Ok, so this is what happened. I pulled the breech plug cleaned and removed debris (minor) and lapped barrel with JB compound. The flash hole plug was a little too far in and seemed to be obstructing a bit. It wouldn't come out and stripped. I cut it down flush from the inside and cleaned and replaced the plug. Shot two shots at 20 yds, and cut the same hole. Next shot was off the paper. Even I don't shoot that bad! Cleaned and fired 2 more at 50 yds. First low right about three inches, next one almost off the paper extreme left high. Paper is a 20 X 20. I've had it. I am ordering a new barrel, breech plug and see if they will set up my sights (buckhorn and fine bead) on the new barrel. Unless somebody here wants to make an offer I can't refuse. But guys, thanks for the input, but this one is toast!


----------



## fflintlock (Oct 8, 2008)

I just can not beleive a barrel that use to be great, is now just junk, barrels don't do that. Unless, they have minimal rifling, a lot of rust and pitting or have just been abused.  It may have the "button" rifling and be slap wore out ? 
Hate to hear you will spend as much as a new gun, just for the barrel and breech plug.
What did the breech end of the barrel look like ?
 I'm swamped trying to figure out why 2 shots would be the same and the rest would be way off


----------



## Bitteroot (Oct 8, 2008)

I agree, but it has always been that way. My other Hawken, will shoot a 3 shot 1+ inch group at 100 yds. The inside was really pitted pretty bad. I forgot to say that in my previous post. I bought this gun second hand many years ago. Back then, if you had a T/C that wouldn't group, they would send you a new barrel.
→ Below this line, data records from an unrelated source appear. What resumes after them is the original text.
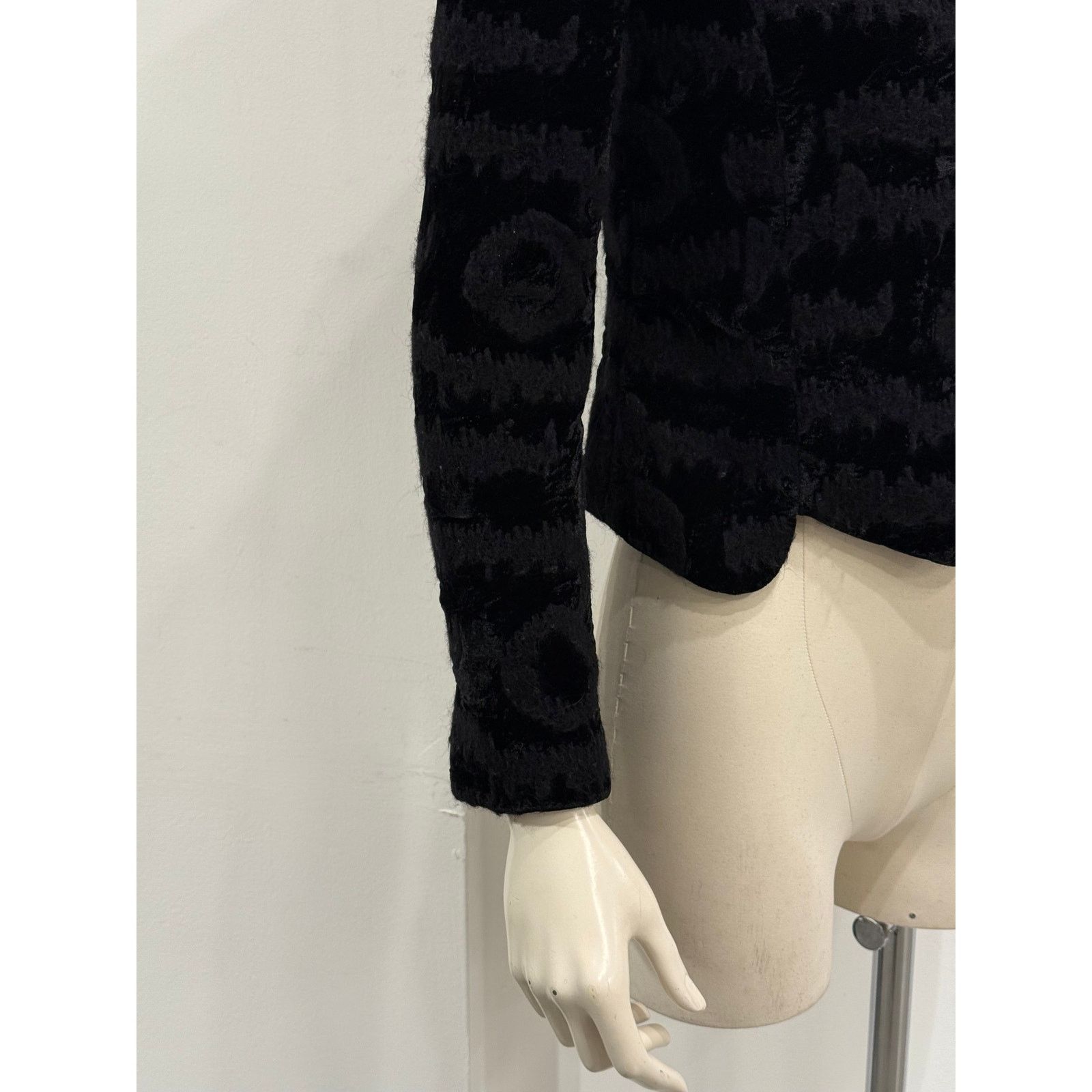 Giorgio Armani 2015 Emporio Armani velvet jacquard jacket Size S / US 4 / IT 40 - 3 Thumbnail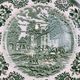 4 plates Green English Iron Earth Staffordshire England ironstone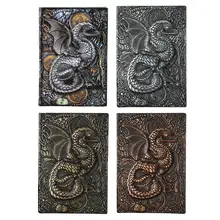 Unique 3D Flying Dragon Journal Embossed Writing Notebook Handmade Leather Cover A5 Notebooks Gift for Men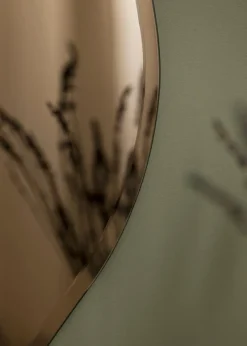 Spejl Wave Brown 55x110 cm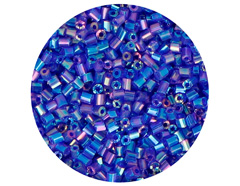 14105 Rocaille de verre cylindre mini bleu marine 2x2mm 09gr Tube Innspiro - Article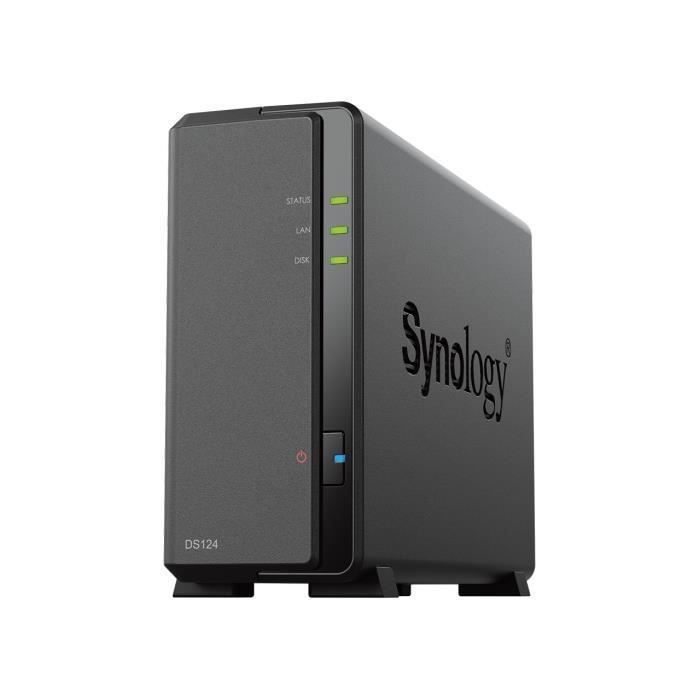 Server NAS Synology DS124 da 14 TB - Hub dati ultracompatto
My luck ran out, when I spoke with them, they said they had no more available barrels unless I wanted to send it to the custom shop. Can't afford that. But you said " barrel that used to be great". It never shot well since I had it. It has been setting idle in the safe until now. Just got a hankerin to try and get it back right. I think that will take a new barrel to do so. I think your right, abused is the word. But not by me. I take care of my stuff, and don't like having a gun that won't perform. Unless you got any ideas, its outta here!


----------



## godogs57 (Oct 8, 2008)

What bullets are you using???? The Seneca is notorious for being "picky". Like I said earlier, if you are using T/C bullets, sell 'em for scrap lead...get you some bullets that will shoot. Great Plains or No Excuse bullets. The No Excuse brand is far and away the best I have ever shot. Website is below.... 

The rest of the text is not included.